The Dominican conspirators in Haiti, comprising General Sanchez and others who had distinguished themselves in securing independence for their country, crossed the boundary and endeavored to stir up an insurrection, but with such misfortune that they were surrounded and the majority captured. Santana ordered the prisoners shot and twenty were executed on July 4, 1861, notwithstanding the protests of General Pelaez, the Spanish officer second in command. The act provoked bitterness against Spain and made the men so killed martyrs in the eyes of their countrymen. It also marked the beginning of strained relations between Santana and Pelaez, made worse by Santana's arrogance. The friction resulted in Santana's resignation on January 7, 1862. He evidently hoped the queen would ask him to reconsider and give him carte blanche in Dominican affairs, but the resignation was accepted, though sweetened by the grant to him of the t.i.tle of Marques de las Carreras and a life pension of $12,000 per annum. His successors in the governorship were high officers of the Spanish army.

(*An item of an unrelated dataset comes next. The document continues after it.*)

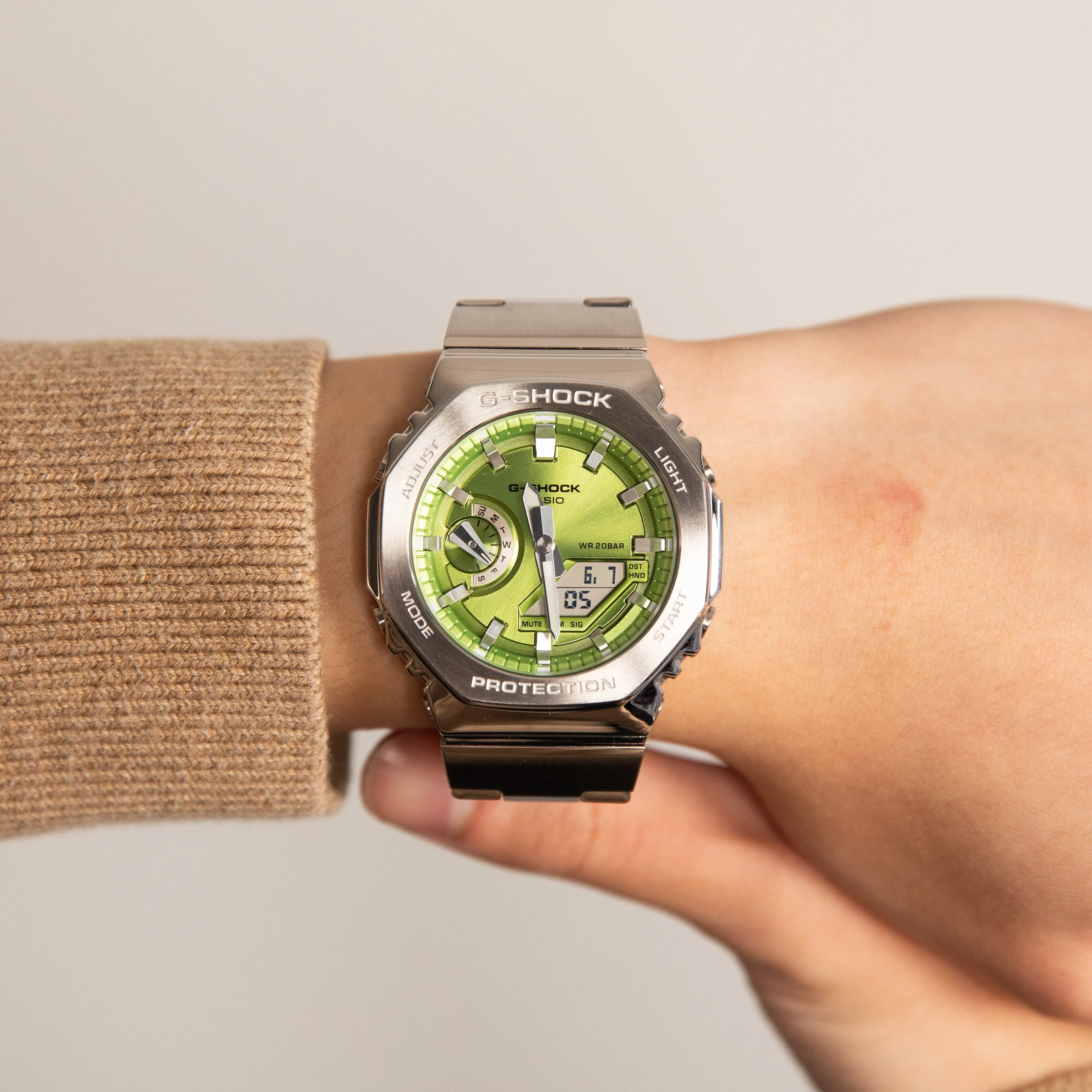 Digital Mens Watches G-Shock GM2110D-3A G-Steel Metal Covered 'CasiOak'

Discontent was not slow in spreading among the people. Injudicious measures enacted by the Spanish authorities, the importation of hordes of foreign officials, the overbearing manners of several local Spanish commanders, increases in the budget, intolerance on the part of the Spanish priests, and the natural unrest of the Dominicans, all combined to give rise to small revolts which were put down, until, on August 16, 1863, a farmer named Cabrera with a small band of followers, at Capotillo, near Guayubin in the Cibao, began an insurrection which quickly became general and is known in Dominican history as the War of the Restoration. The Spanish forces of the Cibao valley were obliged to concentrate in Fort San Luis, at Santiago de los Caballeros, where they were besieged by the insurgents. The Dominicans also captured Puerto Plata, but the city was retaken by Spanish troops from Cuba. Reinforcements were sent to the besieged garrison of Santiago, and in the fight which the Dominicans made to prevent the joining of the Spanish forces, the city of Santiago was set on fire and reduced to ashes. The Spaniards determined to evacuate the place, and marched down to the coast, being constantly hara.s.sed by Dominican guerillas, so that they lost over a thousand men before reaching Puerto Plata. The Dominicans established a provisional government with its capital at Santiago and the country continued to be devastated with fire and sword.

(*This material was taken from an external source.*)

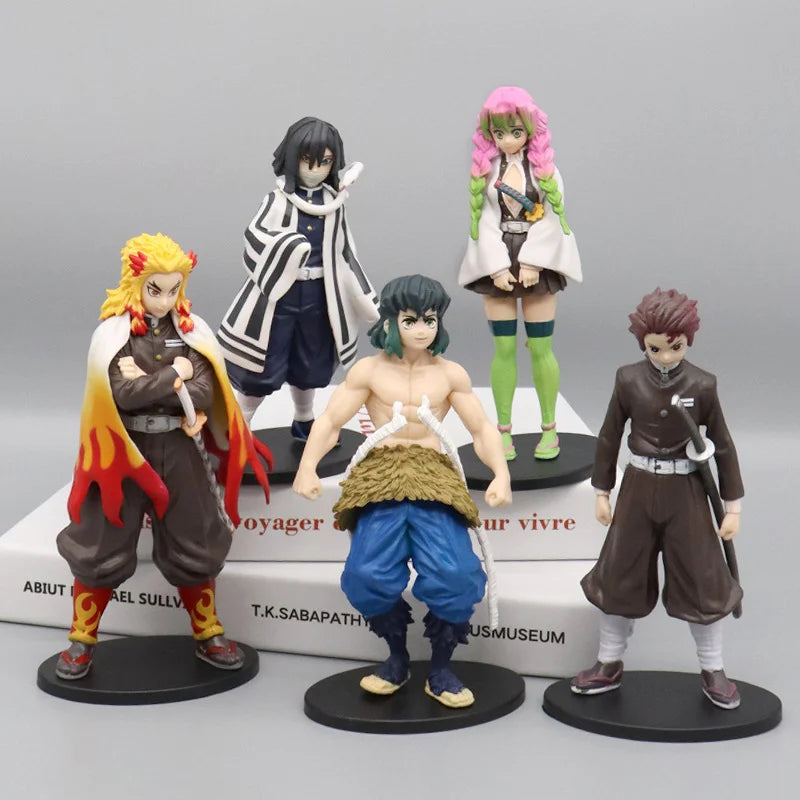 Anime Demon Slayer Kimetsu No Yaiba Sanemi Mitsuri Obanai Muichirou Kyoujurou Tengen PVC Action Figures Model Dolls Toys Gifts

General Santana was given command of a Spanish force to put down the insurrection in the east, but insisting on carrying out his own plan of campaign, he disobeyed orders and so rudely answered the governor-general's remonstrances that he was summarily removed from his position. In high dudgeon he retired to the capital, and it is stated that the governor intended to ship him off to Cuba; but on June 14, 1864, he suddenly died, after an illness of only a few hours.

If the Spaniards had displayed energy in opposing the revolutionists they would probably have carried off the victory, but the whole number of their troops on the island available for military service at any one time rarely reached eight thousand men. A campaign in the Monte Cristi district which might have ended the war was rendered sterile by the lack of troops. Finally the Spaniards, unable to garrison the towns they won, were reduced to the possession of Santo Domingo City and a few other places near the seacoast, all practically in a state of siege. Meanwhile the military operations were costing the home government large sums of money, and it became evident that, owing to the failure to strike at the right time, the subjugation of the country would entail enormous expenditures. Political conditions in Spain were not favorable to such a war of conquest, and the Spanish government determined to withdraw from Santo Domingo, alleging that Spain had taken possession only because she believed the Dominicans were anxious for annexation but that she did not wish to remain against their will. Possible complications with the United States, just emerging from the Civil War, were probably also taken into account. On May 1, 1865, the Queen of Spain sanctioned a law of the Spanish Cortes providing for the relinquishment of the colony. The Spanish forces were brought together at Santo Domingo City, and on July 11, 1865, after the guns in the forts had been spiked and the military stores on hand had been destroyed, the troops and the authorities embarked in a fleet a.s.sembled for that purpose and the Spanish flag was lowered, for the last time, in Santo Domingo.

CHAPTER V

HISTORICAL SKETCH.--SECOND REPUBLIC.--REVOLUTIONS AND DICTATORSHIPS.--1863 TO 1904.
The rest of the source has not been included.